Bitlis Eren Üniversitesi (BEÜ) Sosyoloji Bölümü Öğretim Üyesi ve Kültürel ve Sosyal Çalışmalar Araştırma ve Uygulama Merkezi Müdürü Doç. Dr. Adem Palabıyık, Diyarbakır anneleri ile ilgili ilk kez bilimsel bir çalışma yaptı.
Yapılan bilimsel çalışma araştırmasında dikkat çeken sonuçlar ortaya çıkarken, nitel yöntem ve yüz yüze görüşme tekniği ile çalışma yapıldı. Konuyla ilgili olarak İHA’ya açıklamalarda bulunan Palabıyık, “Sosyolojik araştırması için nöbetteki 15 anne ve 5 baba ile görüşüldü. Hikayeleri tek tek dinlendi. Yapılan araştırma çarpıcı sonuçları ortaya çıkardı. Orada hem asker anneleri, hem polis anneleri bir de sivil anneler var. Sivillerin orada olması bir terör olayı yaşandığını ve HDP'nin de Türkiye'de yaşanan bir terör olayına karşı sessiz kaldığını ortaya koyuyor” dedi.
Yapılan araştırmanın, evlat nöbetinin örgütlü hareket olmadığını desteklediğini ifade eden Doç. Dr. Adem Palabıyık, “HDP’nin iddia ettiği “Kürt kadınını biz temsil ediyoruz ve Kürt kadınının demokratikleşmesini biz sağlayabiliriz” iddiası ve tezi çöktü. Bu tez, terör örgütü PKK’nı tezidir ve bu pratikle anlaşılmaktadır ki, HDP, PKK’nın politikalarını uygulayan bir partidir. HDP, Kürt sorunundan ziyade PKK’yı kurtarma ve ayrıcalık sağlama peşindedir. Ayrıca, ilk defa Kürt kavramı üzerinde bir siyasal mücadele içinde olmadan sivil bir mücadele başlatıldı. Bir toplumsal hareket olarak Diyarbakır Anneleri, örgütlü ve birbirini tanıyan insanlardan bir araya gelmedi. Tam tersine, birbirini tanımayan anne ve babalar, ortak bir amaç için Kürt sorunu meselesinde kendilerinin söz hakkı olduğunu söyleyen bir yapıya HDP'ye karşı protesto geliştirdi. Bu protesto, Kürt sorunu ile PKK’nın ayrı konular olmadığını bir kere daha ortaya koymuştur” diye konuştu.

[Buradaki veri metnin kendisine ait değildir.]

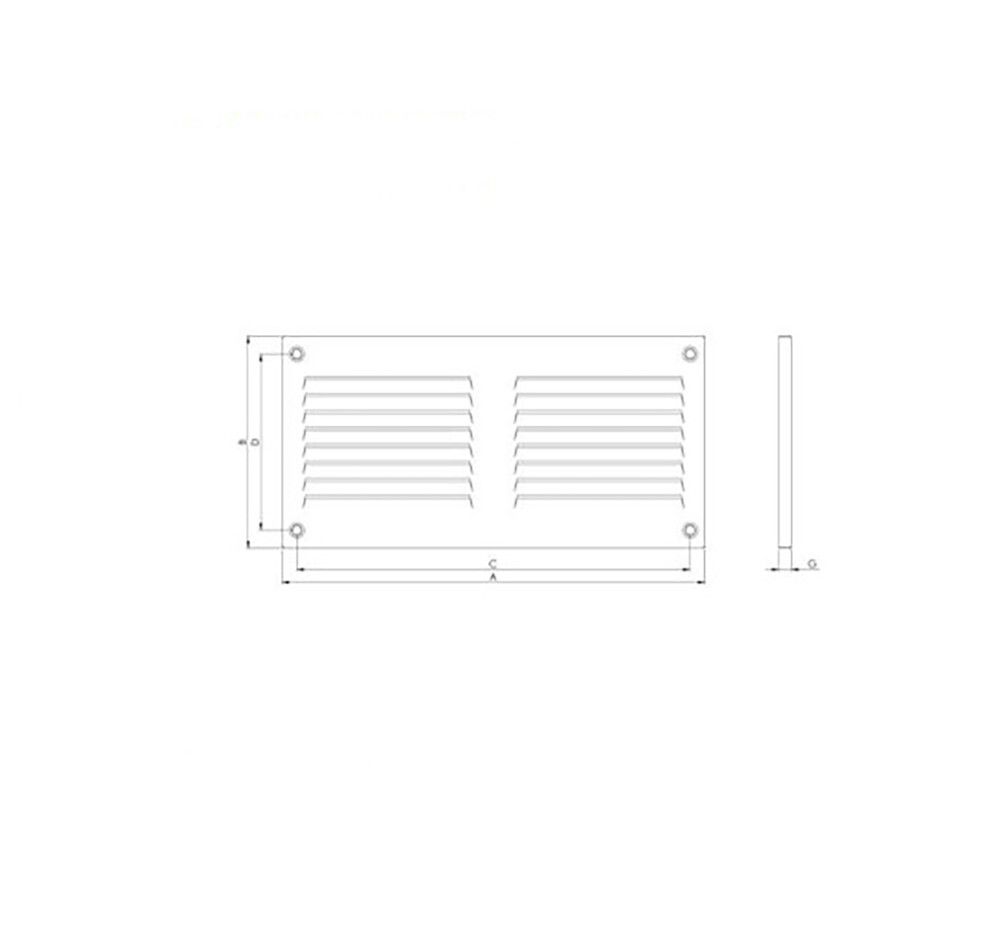Ventilatsioonirest valge 30 x 10 cm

Palabıyık sözlerini şöyle sürdürdü:
“Anneler ve babalar, tamamen sivil bir hareket oldukları için herhangi bir bağlantı içinde değillerdir, ihtiyaçları da sivil otoriterler tarafından karşılanmaktadır. Diyarbakır annelerinin yönlendirildiğine dair iddialar da doğru değildir. Yüz yüze görüştüğüm bütün anne ve babalar, devletten herhangi bir yardım almadıklarını teyit etmişlerdir. Ayrıca, HDP’ye defalarca evlatları ile alakalı görüşme talebinde bulunduklarını ama hiçbir cevap alamadıklarını, Kürt kimliğine sahip olmalarına rağmen PKK karşıtı oldukları için dinlenilmediklerini ifade etmişlerdir. Süreç içinde sayın Cumhurbaşkanına çok güvendiklerini, Cumhurbaşkanının kendilerine bu konuda destek olacağını belirttiklerini ve ancak bu ifade sonrası gönüllerinin huzur bulduğunu dile getirmişlerdir. Çadırdaki babalar ise evlatları ile alakalı olarak PKK’nın kendilerinden para talep ettiğini, para götürmelerine rağmen evlatlarını alamadıklarını görüşmelerde ifade etmişlerdir. Diyarbakır anneleri, Diyarbakır’ın göbeğinde HDP’ye meydan okumuştur. Anneler ile birlikte, devlete karşı güven üst düzeyde sağlanmış, ayrıca anneler ve babalar güven üreten ve sürdüren bir niteliğe de kavuşmuşlardır. Annelik, güveni tesis eden bir statü olarak, Diyarbakır’da HDP’ye karşı inşa edilmiştir. HDP, anneleri kendi geçmişlerinden koparmaya çalışmış, seküler bir yapının parçalarını olmayı teklif etmiş ama anneler ve babalar bunu reddetmiştir. HDP’nin, din ile olan kavgası, bu süreçte de kendini göstermiştir. Anneler ve babalar, dindar oldukları için HDP’liler tarafından dinlenilmediklerini de eklemişlerdir.”